“It’s a great place just to wander,” says Merle Schotanus, Grantham town moderator and a former Forest Society trustee who spearheaded fundraising efforts to save the land.
Schotanus has wandered through here on foot and by snowmobile (a warming hut maintained by the Blue Mountain Snowdusters snowmobile club sits at the midway point of the approximately 1.5-mile trail). He has seen deer here, and grouse, listened to barred owls and admired dog-tooth violets and trillium.
From a Forest Society kiosk and parking area off Route10 on the south end of Grantham village, a bisect cuts across the heart of these 428 acres. The forested trail – segments of an old logging road that connect to an old Class VI road – rises to a head of land and plateaus before heading down the eastern slope to Route 114. A more extensive trail system is in the works.

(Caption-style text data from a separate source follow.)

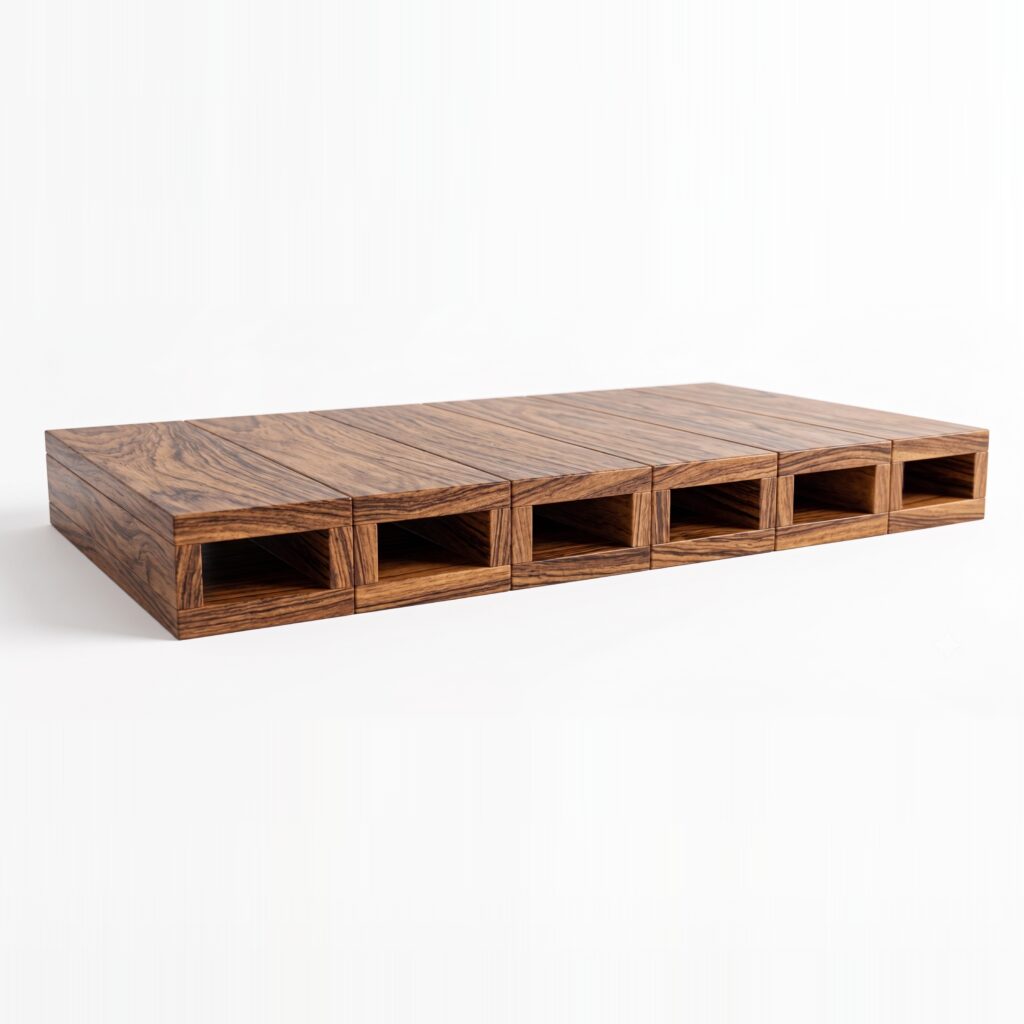 Mesa de Centro Jenga — imagem 4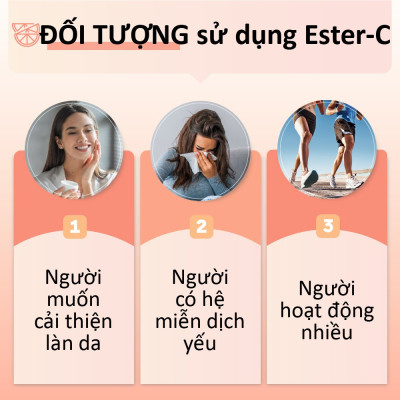 NHẬP KHẨU USA CHÍNH HÃNG - Viên Uống Solgar Ester-C® Plus -Vitamin C Thế Hệ Mới, Không Kích Ứng Dạ Dày, Hấp Thu Nhanh [50 viên]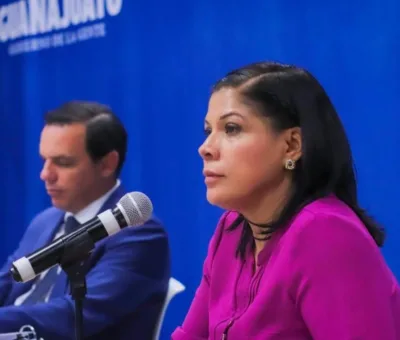 GUANAJUATO, PRIMER ESTADO EN REACTIVAR LOS TRABAJOS DEL GIM CON LA FEDERACIÓN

Siblings Mike Reney and Lena Cote turned down an offer from a developer in favor of selling this land to the Forest Society at a fraction of its appraised value. The tract’s name honors their parents.
The old Class VI road leads up Barton Hill to farmsteads long-since crumbled; squares on an old postal map record that the families of G.B. Barton and N. Clough once lived here. Now just cellar holes remain.
Twin stone walls ascend the hill, marking the bounds of the old roadway.
Schotanus wandered this land once with a native to Grantham, a man who knew what it was to construct these miles of walls. He laughs, remembering the old man’s words:
“Men didn’t build those stone walls. Rum and oxen built those stone walls.”